Radio is still huge in the UK. Think of the golden age of American radioroughly from 1930 through the 1940s – when the medium of commercial broadcast radio grew into the fabric of daily life in the United States, providing news and entertainment from cultural icons such as Edward Murrow and George Burns and Gracie Allen – and you’ll get the idea.

Hard as it is to imagine, one of the radio shows I used to appear on weekly had an audience of twenty million, which is a third of the entire population of the UK!

Reminiscing about radio in that BBC studio in Manhattan allowed me to travel back to when I first fell in love with what used to be called “the wireless.”

The year 1967 marked the stage of my transition from childhood to pimpled adolescence. The music of the Beatles and other bands was coming out of radios everywhere.

After I got over the very worst of my teenage years, (I don’t think my parents ever did), it was off to university and life in a lonely and depressing single-room student apartment.
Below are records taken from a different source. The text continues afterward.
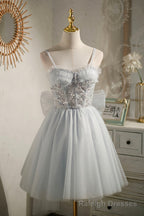 Gray Tulle Short A Line Prom Dress, Cute Prom Prom Dress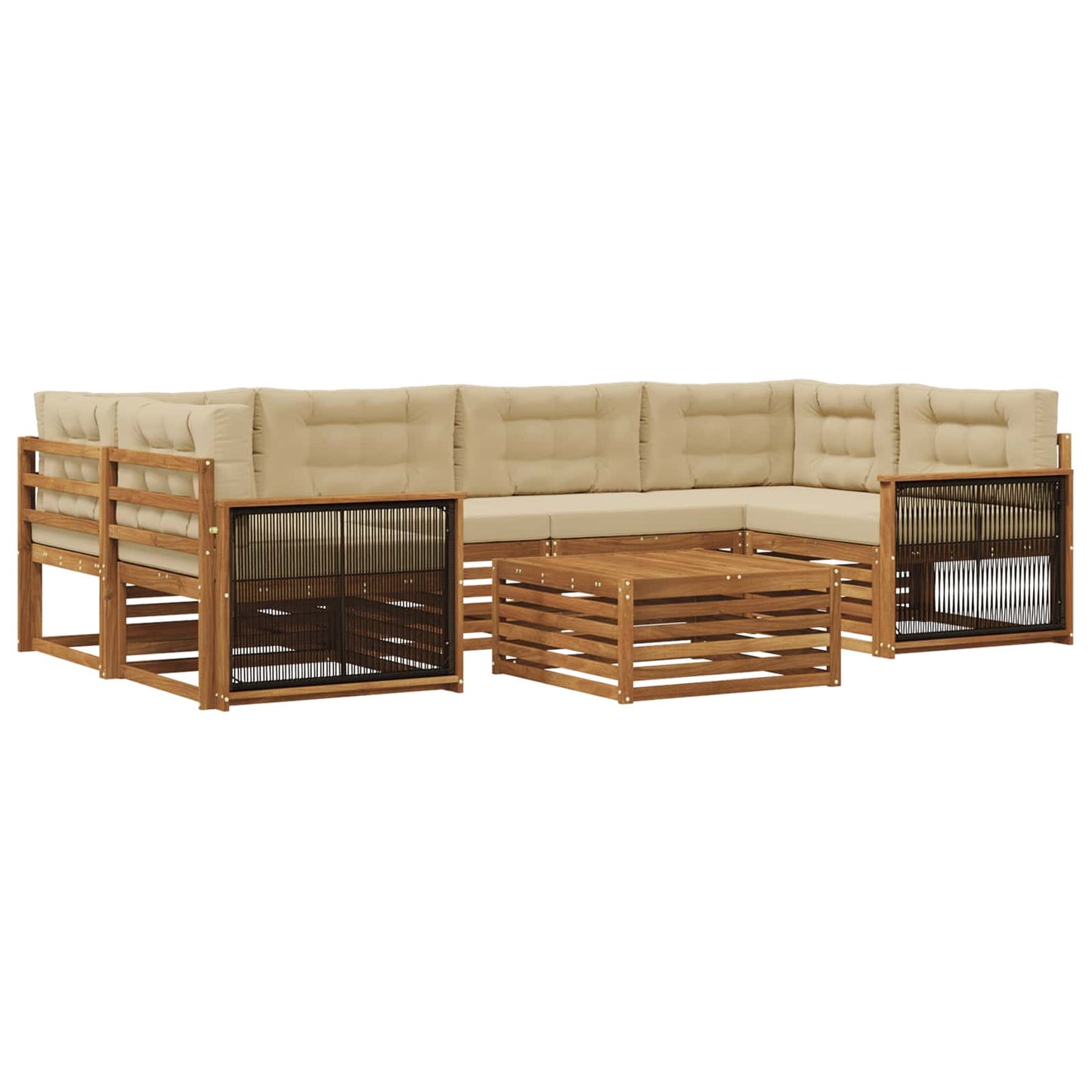 Outdoor-Sofagarnitur mit Kissen 7 pcs Natur und Beige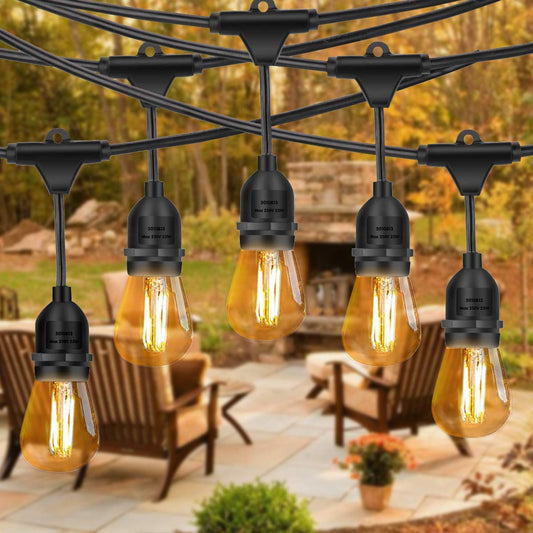 48FT Outdoor String Lights with 15 LED Bulbs Weatherproof for Patio Garden Wedding Backyard Party Cafe Lights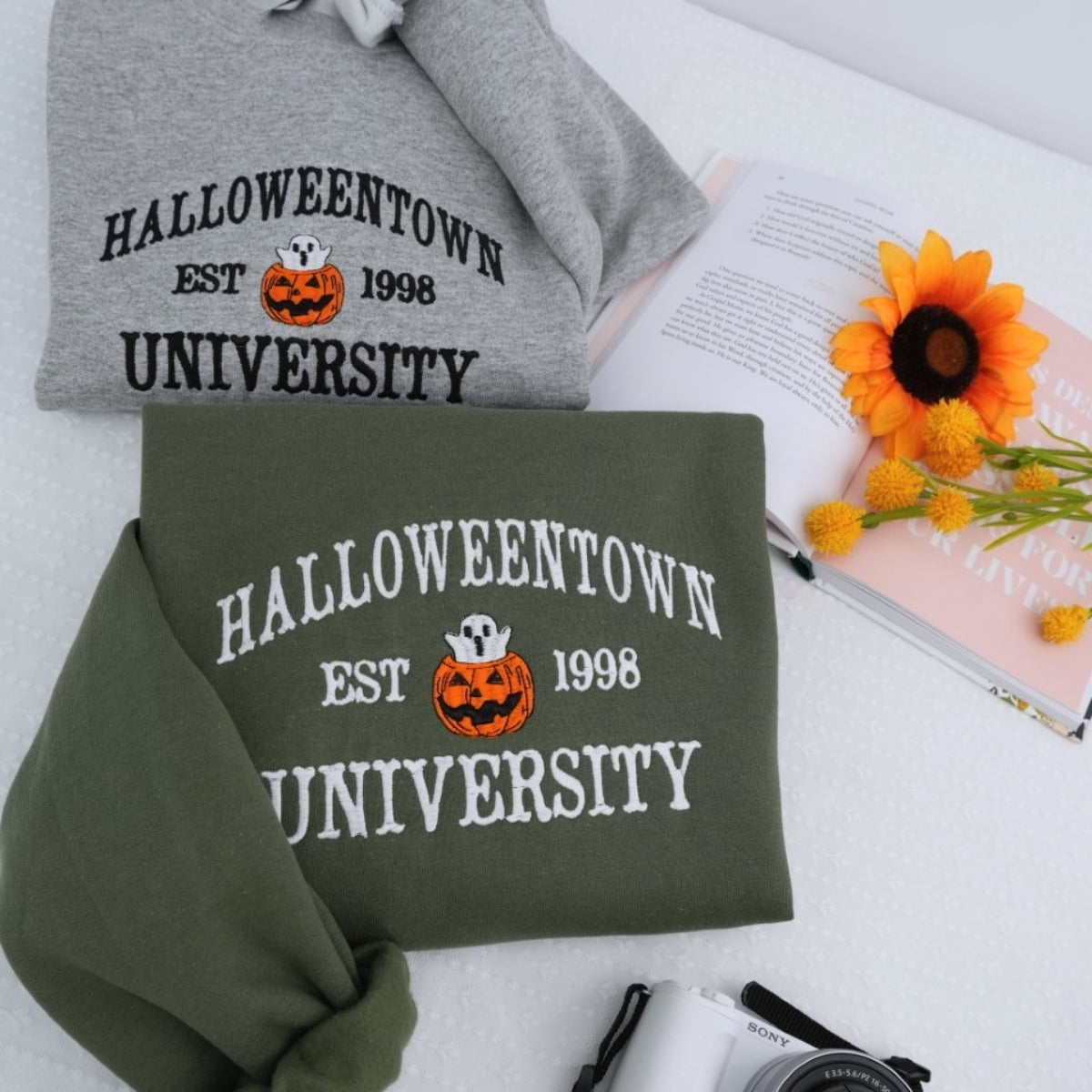 Halloween College Hoodie - Embroidered Pumpkin University Sweatshirt - Vintage Campus Halloween Apparel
And I think I actually did become a little depressed, until I stumbled across Radio 4.

I laughed at the comedy programs, sat glued to the BBC’s production of “Lord of the Rings,” and learned more from the factual programs than I ever did from the lectures I “occasionally” attended.

My radio became truly a good friend.

The next chapter of my life found me attached as always to Radios One, Two, Three, and Four. The fact that I got the chance to appear on some of those stations was a surprise and a complete delight.

A few years ago I moved to New York – and of course One, Two, Three and Four came with me, thanks to a useful phone app.

If I’m being really honest, Radio 1 has been replaced by Radio 3 but they’re still all very old and valued friends.

* * * * *

Recently, I came upon research about today’s teenagers – the first generation to have grown up with smartphones – that is really quite alarming.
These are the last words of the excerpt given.